(Brief descriptive captions)
☆ ☆ ☆ ☆ ☆

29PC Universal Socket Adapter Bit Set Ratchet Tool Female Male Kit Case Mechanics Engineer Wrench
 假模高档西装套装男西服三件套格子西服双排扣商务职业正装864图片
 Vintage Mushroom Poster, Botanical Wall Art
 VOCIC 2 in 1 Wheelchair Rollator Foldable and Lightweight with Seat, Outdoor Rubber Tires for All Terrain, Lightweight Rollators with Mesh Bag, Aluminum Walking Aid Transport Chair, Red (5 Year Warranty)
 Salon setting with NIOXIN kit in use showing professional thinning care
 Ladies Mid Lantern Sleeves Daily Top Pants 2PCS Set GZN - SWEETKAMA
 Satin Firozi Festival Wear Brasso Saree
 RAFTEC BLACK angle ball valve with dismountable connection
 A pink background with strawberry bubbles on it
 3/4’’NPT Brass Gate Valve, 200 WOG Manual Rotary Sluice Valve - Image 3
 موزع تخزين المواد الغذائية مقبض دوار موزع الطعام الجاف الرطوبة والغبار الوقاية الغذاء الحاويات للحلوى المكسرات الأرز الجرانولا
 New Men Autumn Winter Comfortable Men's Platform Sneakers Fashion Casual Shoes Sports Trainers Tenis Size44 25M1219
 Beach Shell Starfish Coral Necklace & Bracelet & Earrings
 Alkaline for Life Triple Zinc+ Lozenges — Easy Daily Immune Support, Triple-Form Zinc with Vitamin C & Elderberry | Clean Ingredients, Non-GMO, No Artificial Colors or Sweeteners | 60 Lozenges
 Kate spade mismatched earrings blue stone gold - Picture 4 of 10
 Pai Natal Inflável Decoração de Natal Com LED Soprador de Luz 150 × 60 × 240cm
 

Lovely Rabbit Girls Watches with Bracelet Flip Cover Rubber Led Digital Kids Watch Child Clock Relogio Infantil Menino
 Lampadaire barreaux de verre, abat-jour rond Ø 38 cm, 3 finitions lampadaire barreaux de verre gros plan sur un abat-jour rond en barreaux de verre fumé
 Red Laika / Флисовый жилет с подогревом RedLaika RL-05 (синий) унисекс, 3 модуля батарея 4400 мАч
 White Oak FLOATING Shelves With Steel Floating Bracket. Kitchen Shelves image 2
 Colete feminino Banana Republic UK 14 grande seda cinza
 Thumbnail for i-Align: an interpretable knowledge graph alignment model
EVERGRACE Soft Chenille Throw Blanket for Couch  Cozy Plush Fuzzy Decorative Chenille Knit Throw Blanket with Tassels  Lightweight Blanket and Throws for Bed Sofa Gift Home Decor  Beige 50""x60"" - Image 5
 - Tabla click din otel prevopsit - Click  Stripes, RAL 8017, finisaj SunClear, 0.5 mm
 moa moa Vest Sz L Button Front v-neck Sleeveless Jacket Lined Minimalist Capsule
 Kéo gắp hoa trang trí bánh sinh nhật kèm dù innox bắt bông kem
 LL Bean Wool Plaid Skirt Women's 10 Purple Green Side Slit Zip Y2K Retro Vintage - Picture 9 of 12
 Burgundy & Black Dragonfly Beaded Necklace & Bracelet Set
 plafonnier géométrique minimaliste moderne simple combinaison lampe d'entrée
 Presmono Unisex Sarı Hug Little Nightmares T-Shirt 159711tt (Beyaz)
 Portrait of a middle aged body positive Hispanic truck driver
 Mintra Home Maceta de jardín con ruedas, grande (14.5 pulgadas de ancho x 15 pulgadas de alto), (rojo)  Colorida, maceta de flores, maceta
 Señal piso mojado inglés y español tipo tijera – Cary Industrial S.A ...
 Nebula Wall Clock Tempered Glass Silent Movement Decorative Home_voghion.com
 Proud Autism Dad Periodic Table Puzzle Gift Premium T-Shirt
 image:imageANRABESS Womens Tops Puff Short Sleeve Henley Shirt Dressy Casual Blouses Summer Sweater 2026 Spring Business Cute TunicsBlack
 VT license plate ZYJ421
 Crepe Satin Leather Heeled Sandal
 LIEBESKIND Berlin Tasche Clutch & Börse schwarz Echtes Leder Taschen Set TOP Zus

☆ ☆ ☆ ☆ ☆

What lines above contain the word "Decorative"? Please copy each one.

| Answer area |
EVERGRACE Soft Chenille Throw Blanket for Couch  Cozy Plush Fuzzy Decorative Chenille Knit Throw Blanket with Tassels  Lightweight Blanket and Throws for Bed Sofa Gift Home Decor  Beige 50""x60"" - Image 5
 Nebula Wall Clock Tempered Glass Silent Movement Decorative Home_voghion.com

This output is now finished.